A “Blue Moon” is a fairly infrequent phenomenon involving the appearance of an additional full moon within one month and the next one is on January 31. To celebrate the blue moon the Institute for American Indian Studies in Washington is hosting a blue moon hike on the 31st @ 6:30 p.m.- 8:30 p.m. Native Americans followed the cycles of the moon and every month the full moon had a different name.
The Algonquin tribes called January the full wolf moon because when this full moon appeared wolves howled in hunger outside the villages. Traditionally, the January Moon is also known as the Old Moon. The hike concludes at the replicated Algonkian village for hot cocoa around the campfire. Native Americans drew constellations, created a mythology around the stars and built structures in alignment with the sky long before Europeans arrived on American shores. Like other groups, they tracked the motions of the Sun to help them decide when to plant crops, move their camps, or stage sacred rituals.

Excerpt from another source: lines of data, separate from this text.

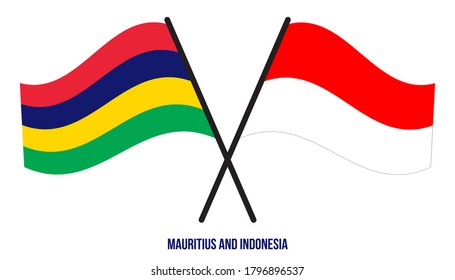 Mauritius and Indonesia Flags Crossed And Waving Flat Style. Official Proportion. Correct Colors.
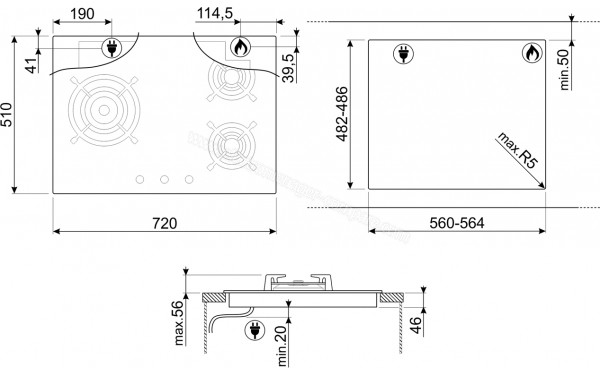 SMEG PV373LCN - Sch&eacute;ma technique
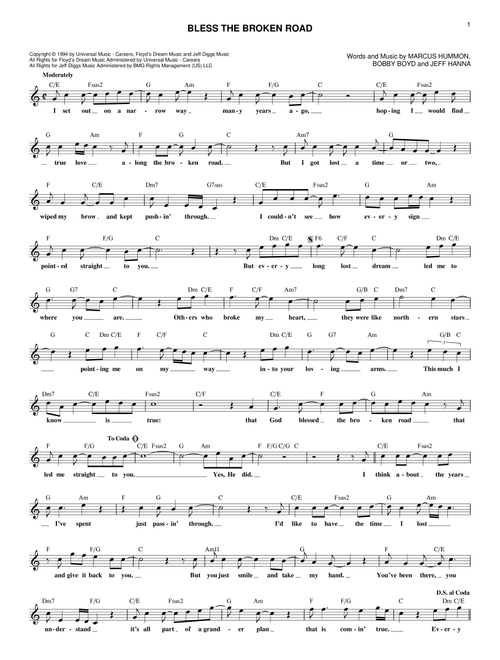 Bless The Broken Road - Rascal Flatts (Lead Sheet - Fake Book)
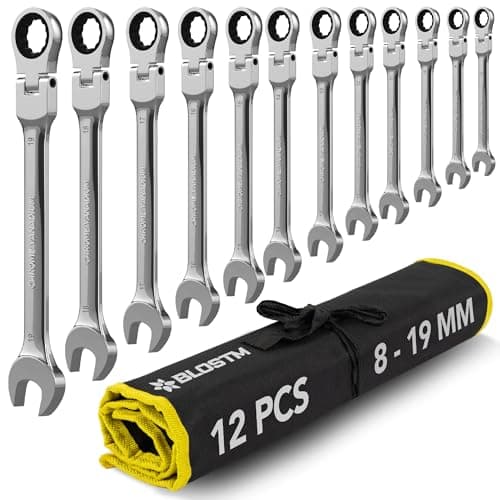 Image of BLOSTM Flexible Ratchet Spanner Set - 12 PCS Combination Spanner Set 8-19mm 180° Flex Head 72 Tooth Gear System Cr-V Steel Ratchet Wrench Set for DIY & Repairs - Includes Roll-Up Storage Pouch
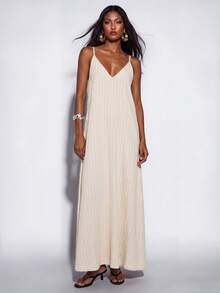 Normani Women's Backless Beaded Strap Casual Mini Dress - Apricot - View 7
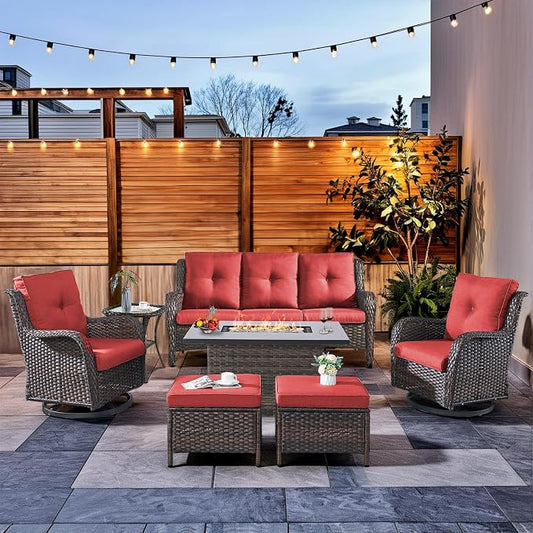 HUMMUH 7 Pieces Patio Furniture Set with Fire Pit Table Outdoor Conversation Set PE Wicker Patio Couch Swivel Glider Chairs Ottomans for Balcony Garden,Lawn,Deck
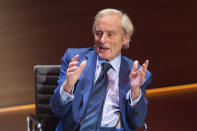 FILE - In this Oct. 9, 2015 file photo, journalist Harold Evans speaks during an event. Evans, the charismatic publisher, author and muckraker, has died at 92. His wife, fellow author-publisher Tina Brown, said he died of congestive heart failure, it was reported on Thursday, Sept. 24, 2020. He was a bold-faced name for decades, from exposing wrongdoing in 1960s London, to publishing such 1990s best-sellers as Joe Klein’s “Primary Colors.” (Dominic Lipinski/PA via AP, File)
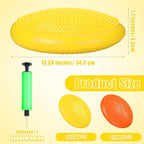 2 Pcs Wiggle Seat Inflated Wobble Cushion Flexible Balance Disc with Air Pump for Core Stability Strengthening Improving Posture Physical Exercise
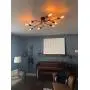 T&A Black 8 Lights Sputnik Chandelier Semi Flush Mount Ceiling Light,Modern Industrial Style Lighting Fixture for Kitchen Dining Room T&A Black 8 Lights Sputnik Chandelier Semi Flush Mount Ceiling Light,Modern Industrial Style Lighting Fixture for Kitchen Dining Room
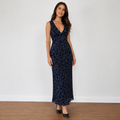 Elegant Navy Floral Maxi Dress for Women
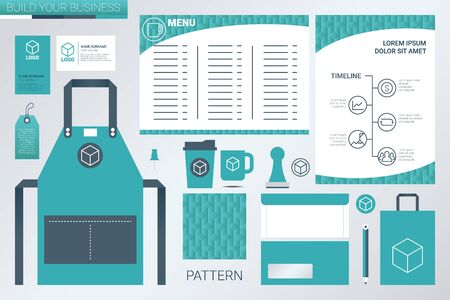 company stationery template design in green theme for brand corporate identityのイラスト素材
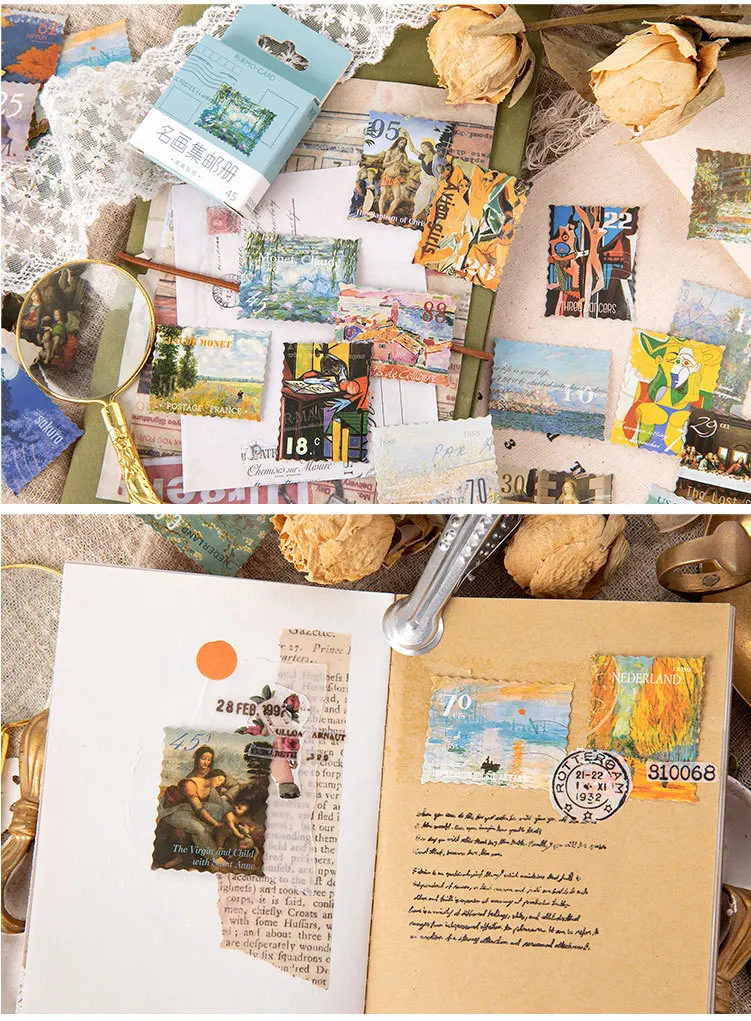 45 pcs/set World Famous Painting Collections Paper Stickers Scrapbooking Diy Journal Sealing Kawaii Sticker Cute Stationery Gift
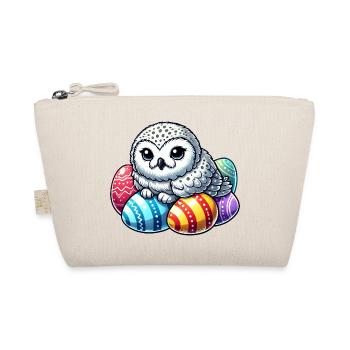 Cute Owl Easter Egg Cartoon Easter Chill - Organic Pouch - nature - Front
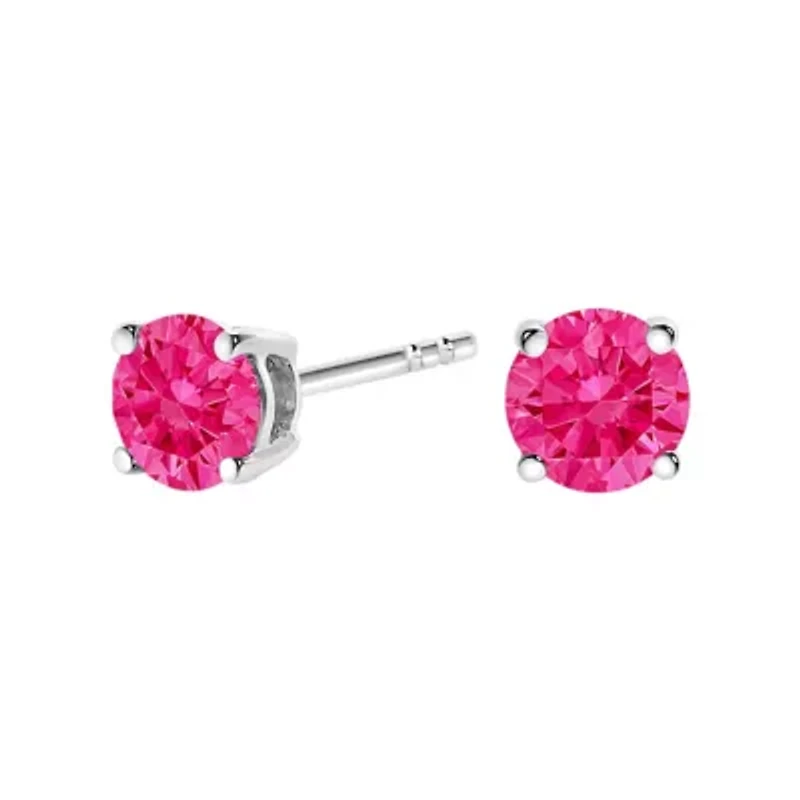 10K White Gold / Ct Lab Created Pink Diamond Solitaire Stud Earrings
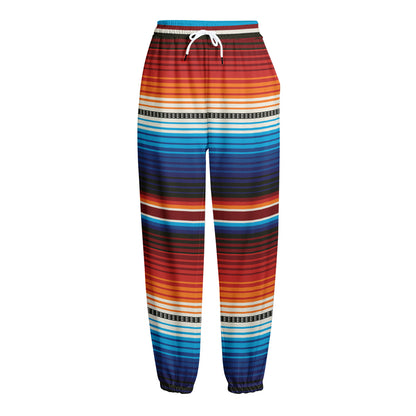 Tribal Mexican Blanket Pattern Print Fleece Lined Knit Pants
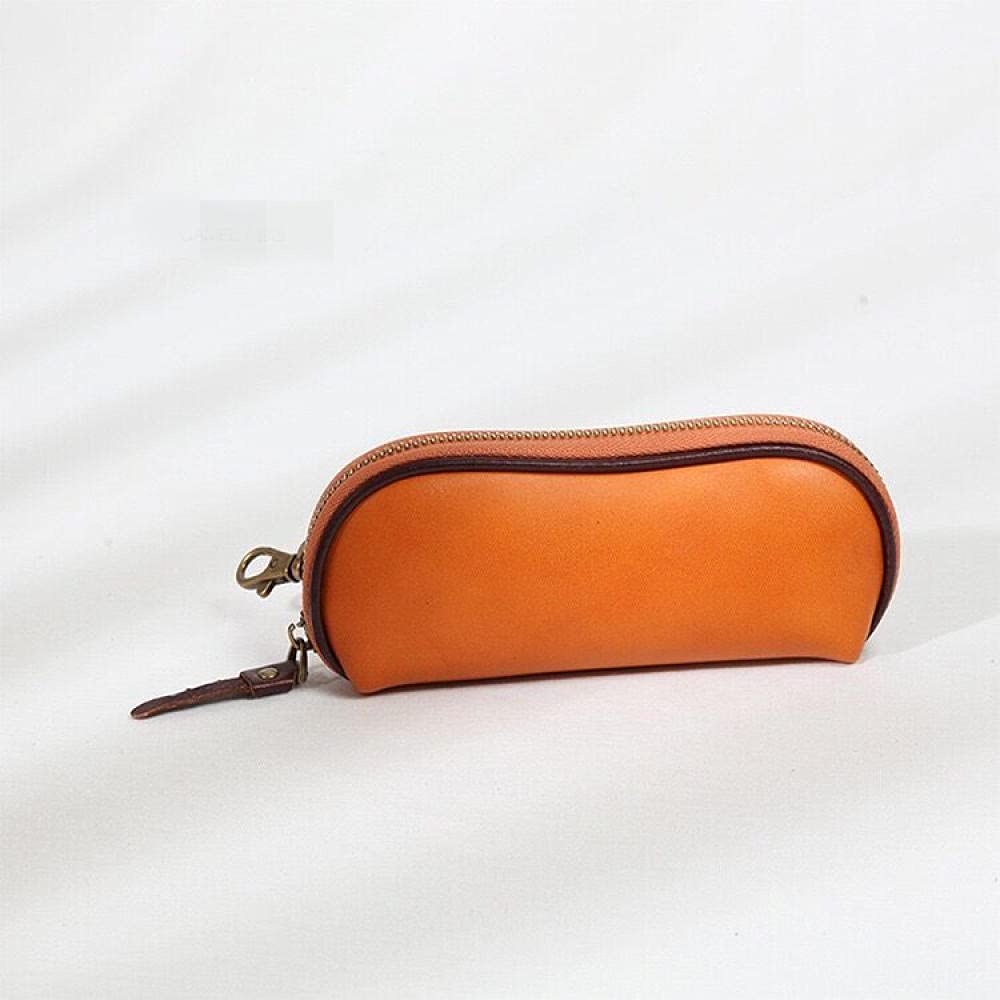 Brillenetui Sonnenbrillen Etui Glasses Case Sunglasses Case Leder Kunst Gemüse Gegerbtes Leder Gläser Fall Tragbare Multicolor Reißverschluss Haken Sonnenbrille Aufbewahrung Männer Und Frauen-Gelb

Their stories contained explanations of the constellations they saw as patterns of bright stars, meteor showers, the Northern Lights, and saw in what we call the Milky Way a pathway to the afterlife.
Some tribes built great circles of stones to help them predict the changing seasons, or ceremonial sites and mounds of earth in alignment with the Sun and stars and to reflect the patterns they saw in the heavens.
Participants on this hike through the Native American Village and surrounding woodland trails will learn about the beliefs and folklore of the Eastern Woodland Indians that made Connecticut their home.